I’ve encouraged innovative storytelling around the issue of rape and sexual assault as long as I’ve worked at Poynter. And I found the technique stunning. For too long, we’ve failed as journalists to listen to victims of sexual assault and let them tell their stories. This moment presents an opportunity to change our approach.

First, we should acknowledge where we are and where we’ve been. Here’s an abbreviated history of how the media has covered sexual assault:

  • Pre-1950s. Most of the stories that appear in newspapers about sexual assault involve cases where the accused was black and the victim was white. The victim is often named. The accused is often lynched. In many of these cases, it’s clear that no assault actually took place. These stories are not really about sexual assault at all, but usually about perpetuating stereotypes of race.
  • 1970s. Under pressure from feminists, editors at American newspapers adopt policies that prohibit the naming of rape victims in criminal cases. In doing so, editors and law enforcement acknowledge that crimes of rape and sexual assault are under-reported to police because of the shame and stigma associated with the crime.
  • 1990. Under the leadership of executive editor Geneva Overholser, the Des Moines Register publishes a five-part narrative series documenting the story of Nancy Ziegenmeyer, who was raped by a stranger during a home invasion. The series wins the Pulitzer Prize for Public Service. Overholser went on to argue that until we routinely named victims of sexual assault, we would never change the stigma associated with the crime.
  • Mid 2000s. After a series of kidnappings in which the names and photos of victims were widely published in hopes of rescuing them, the media must wrestle with the question of whether they should stop naming a victim if it is later discovered she was raped. (Yes, you should, most news outlets decide.)
  • 2011. The Patriot-News in Harrisburg, Pennsylvania, begins publishing stories about an investigation into Penn State assistant coach Jerry Sandusky. He is indicted later that year for assaulting young boys, and the newspaper wins a Pulitzer Prize for local reporting. For the most part, the victims remained anonymous in news stories.
  • 2014. Dozens of women accuse actor Bill Cosby of sexual assault and agree to be named in various news outlets, including the cover of New York Magazine.
  • 2017. Dozens of women accuse Hollywood mogul Harvey Weinstein of sexual harassment and in some cases sexual assault. Many agree to be named.
  • 2017. The #MeToo movement takes root, and workplaces across the country investigate a plague of sexual harassment that sometimes includes sexual assault.
  • 2018. More than 150 victims, most of them accomplished gymnasts, testify at the sentencing of Nassar, who worked for Michigan State University and USA Gymnastics. Most of them agree to be named. Some of them are famous Olympic athletes.

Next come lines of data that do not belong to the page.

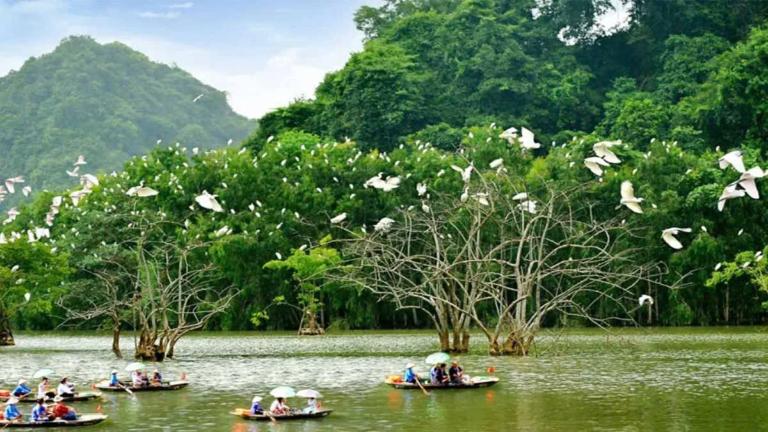 Must-Visit Destinations in Ninh Binh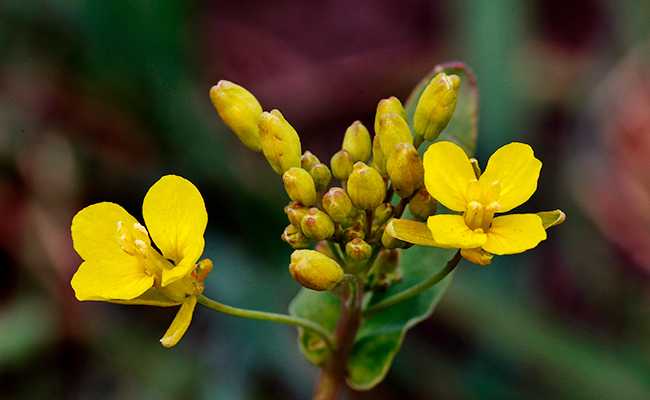 planta y flor de tribulus terrestris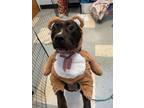 Dutchess, American Pit Bull Terrier For Adoption In Philadelphia, Pennsylvania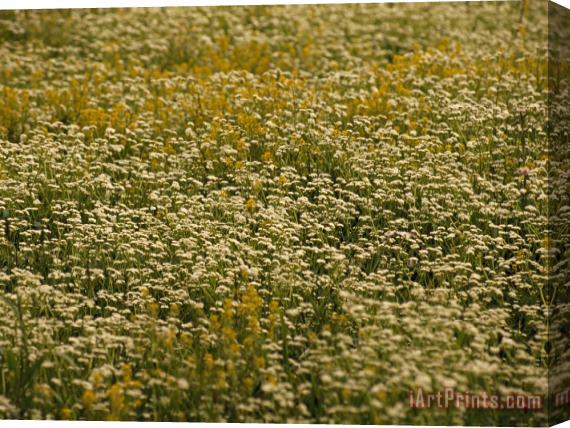 Raymond Gehman Field of Ragweed And Queen Anne's Lace in Bloom Stretched Canvas Print / Canvas Art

Current-day practice at most newsrooms doesn’t match the guidance in most written policies.

Those policies — and I know because I’ve written and consulted on many of them — often look like they did back in 1975: Because of the stigma associated with sexual assault, we do not publish the names of victims. Some of the more enlightened policies add: against their will. And the best policies include encouragement for journalists to seek out the voices of sexual assault victims in order to tell their stories.

I’m not suggesting we in journalism should start naming victims of sexual assault without their permission. But we should rewrite our policies to encourage journalists to tell more complete stories about sexual assault.

Many journalists are already doing this. (Example: Tyler Kingkade and dozens of his colleagues at BuzzFeed.)

Rather than starting with a policy that tells us what to avoid, what if our policies encouraged us to tell the story of sexual assault more completely, so that the public might understand how it happens and how to prevent it? Today’s policies presume that our journalistic motive for telling a sexual assault story is rooted in our urge to improve public safety. But sexual assault isn’t really a public safety problem; it’s a public health problem. 

We are so close to getting it right. Most news outlets acknowledge that running briefs about who gets arrested for sexual assault does very little to improve public safety, because most sexual assaults happen in familiar settings, like your house or your school or your doctor’s office.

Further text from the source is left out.